Abstract
Background Transposable elements is an extremely diverse group of genetic elements encoding their own mobility. This ability has been exploited as a powerful tool for molecular biology and genomics techniques. However, transposition activity is regulated by cis and/or trans mechanisms because of the need to co-exist with their host. This represents a limitation to their usage as biotechnological tools. The development of screening assays and the improvement of current ones is therefore needed to find hyperactive transposases.

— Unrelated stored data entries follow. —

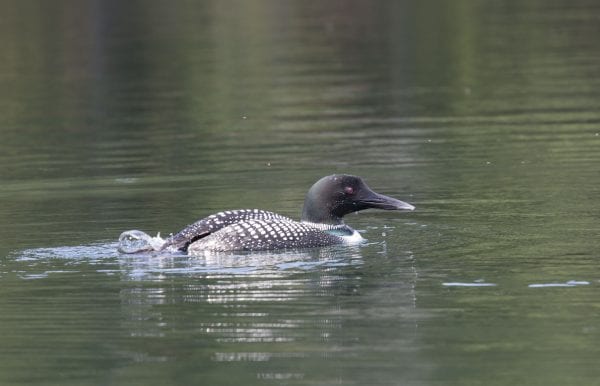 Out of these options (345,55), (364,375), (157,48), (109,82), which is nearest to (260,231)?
(364,375)

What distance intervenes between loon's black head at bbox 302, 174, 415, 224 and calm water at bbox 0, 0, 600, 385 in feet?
0.90

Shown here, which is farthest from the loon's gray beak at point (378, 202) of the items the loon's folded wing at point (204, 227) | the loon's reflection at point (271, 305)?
the loon's folded wing at point (204, 227)

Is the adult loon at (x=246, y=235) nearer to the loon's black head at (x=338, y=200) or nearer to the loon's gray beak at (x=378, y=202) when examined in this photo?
the loon's black head at (x=338, y=200)

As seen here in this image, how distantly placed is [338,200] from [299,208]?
5.31 feet

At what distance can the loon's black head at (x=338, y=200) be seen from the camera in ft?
41.4

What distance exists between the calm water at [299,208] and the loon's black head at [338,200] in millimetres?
275

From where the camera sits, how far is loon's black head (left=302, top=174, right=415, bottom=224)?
497 inches

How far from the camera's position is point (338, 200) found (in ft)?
41.6

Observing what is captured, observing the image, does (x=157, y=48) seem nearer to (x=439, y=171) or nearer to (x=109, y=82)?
(x=109, y=82)

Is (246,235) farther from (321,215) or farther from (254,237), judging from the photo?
(321,215)

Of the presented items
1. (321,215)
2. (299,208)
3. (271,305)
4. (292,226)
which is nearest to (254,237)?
(292,226)

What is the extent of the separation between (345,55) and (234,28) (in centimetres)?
758

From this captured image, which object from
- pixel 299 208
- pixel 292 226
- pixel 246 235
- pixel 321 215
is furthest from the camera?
pixel 299 208

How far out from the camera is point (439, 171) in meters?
16.1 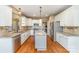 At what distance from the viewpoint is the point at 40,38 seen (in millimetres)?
5289

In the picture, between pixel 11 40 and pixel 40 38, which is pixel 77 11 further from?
pixel 11 40

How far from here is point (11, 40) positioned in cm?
423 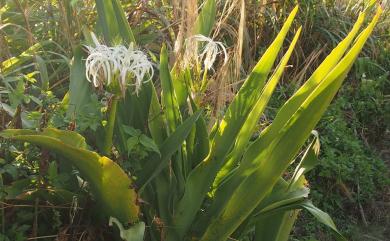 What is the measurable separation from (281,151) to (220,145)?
0.68 feet

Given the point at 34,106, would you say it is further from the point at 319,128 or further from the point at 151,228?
the point at 319,128

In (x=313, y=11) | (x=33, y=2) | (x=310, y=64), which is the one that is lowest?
(x=310, y=64)

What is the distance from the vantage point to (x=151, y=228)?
2188 millimetres

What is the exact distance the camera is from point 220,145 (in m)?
2.12

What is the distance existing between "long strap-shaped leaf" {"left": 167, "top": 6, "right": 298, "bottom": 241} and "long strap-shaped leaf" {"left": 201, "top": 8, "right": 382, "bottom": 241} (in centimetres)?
10

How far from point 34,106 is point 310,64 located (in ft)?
9.56

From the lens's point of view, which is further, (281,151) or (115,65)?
(281,151)

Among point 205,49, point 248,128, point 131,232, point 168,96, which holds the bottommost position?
point 131,232

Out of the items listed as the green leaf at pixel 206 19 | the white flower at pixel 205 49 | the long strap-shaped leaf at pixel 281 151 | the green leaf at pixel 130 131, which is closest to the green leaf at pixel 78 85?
the green leaf at pixel 130 131

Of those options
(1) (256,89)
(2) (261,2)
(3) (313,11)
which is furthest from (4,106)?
(3) (313,11)

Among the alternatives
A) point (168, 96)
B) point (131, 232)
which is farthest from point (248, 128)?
point (131, 232)

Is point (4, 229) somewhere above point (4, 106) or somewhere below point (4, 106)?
below

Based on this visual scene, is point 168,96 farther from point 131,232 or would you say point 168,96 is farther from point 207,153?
point 131,232

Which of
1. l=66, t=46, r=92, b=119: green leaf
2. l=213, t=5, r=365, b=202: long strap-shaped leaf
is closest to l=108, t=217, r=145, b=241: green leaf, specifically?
l=213, t=5, r=365, b=202: long strap-shaped leaf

Results We present in this study an improvement of the well-known papillation assay where in place of an inducible promoter, we designed a set of constitutive promoters cloned into a one or five copies vector in presence or absence of a ribosome binding site. This set of vectors provides a wide range of transposase expression and offers a more uniform expression of the transposase across cells compared to inducible promoters. These constructs can therefore be used to screen for hyperactive transposases or for transposases resistant to overproduction inhibition, a mechanism affecting DNA transposases such as Hsmar1, which decreases the transposition rate when the transposase concentration increases. We characterized and validated our set of vectors with the Hsmar1 transposase and took advantage of our approach to investigate the effects on the transposition rate of inserting mutations in the Hsmar1 dimer interface or of covalently binding two Hsmar1 monomer.
Conclusions This improved papillation assay should be applicable to a wide variety of DNA transposases. It also provides a straightforward approach to screen transposase mutant libraries with a specific expression level to find hypoactive, hyperactive or overproduction inhibition resistant transposases. Our approach could also be useful for synthetic biology as a combination of the wild type or covalently bound Hsmar1 transposase with a library of weak promoters offers the possibility to find promoters expressing on average one or two proteins per cell.